The Changing Locations of American Camp

American Camp and the Hudson's Bay Company

Keep your friends close and your enemies closer. Lieutenant Colonel Silas Casey may have taken this saying to heart when establishing the American Camp just a few hundred yards away from a Hudson Bay Company outpost.

In 1853, the steamer HMS Beaver brought the first shipment of sheep to a farm located at the southern point of San Juan Island named Belle Vue Sheep Farm. Established by Charles Griffin, Belle Vue Sheep Farm was the perfect location to raise sheep due to the landscape of the prairie surrounding the farm. Though this outpost farmed vegetables, crops, and livestock, wool was the primary product Belle Vue produced.

Six years later, Britain and the United States agreed to a joint occupation of San Juan Island. British soldiers would make camp on the northwestern edge of the island while the Americans had already set up camp on the southeastern shores. Captain George E. Pickett at first had chosen a location roughly 200 yards from the water of Griffin Bay. This camp did not last long because it was vulnerable to British naval guns. Pickett moved the camp over the ridge next to a pasture the Hudson Bay Company used for their sheep. The Americans remained here until the arrival of Lieutenant Colonel Silas Casey in August that same year.

Once Casey arrived, he did not approve of the location the soldiers made camp. Coastal winds and rain pounded the soldiers and made it hard for them to do their duties. Casey moved the camp to where it sits today, a few hundred yards from the Belle Vue Sheep Farm.
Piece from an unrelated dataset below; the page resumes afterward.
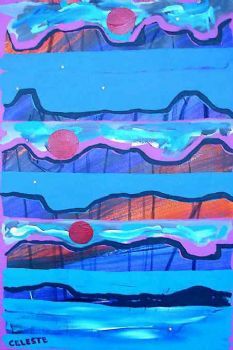 "Abstract Landscape with 3 Red Balloons"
Life at the camp was hard and at times miserable. Some soldiers risked punishment and drank, others committed suicide and some abandoned post. Despite being an arm’s length away from the HBC and their British enemies, American Camp saw little action. Instead, they spent most of their time constructing the redoubt until operations were shut down once an agreement was reached to reduce boots on ground.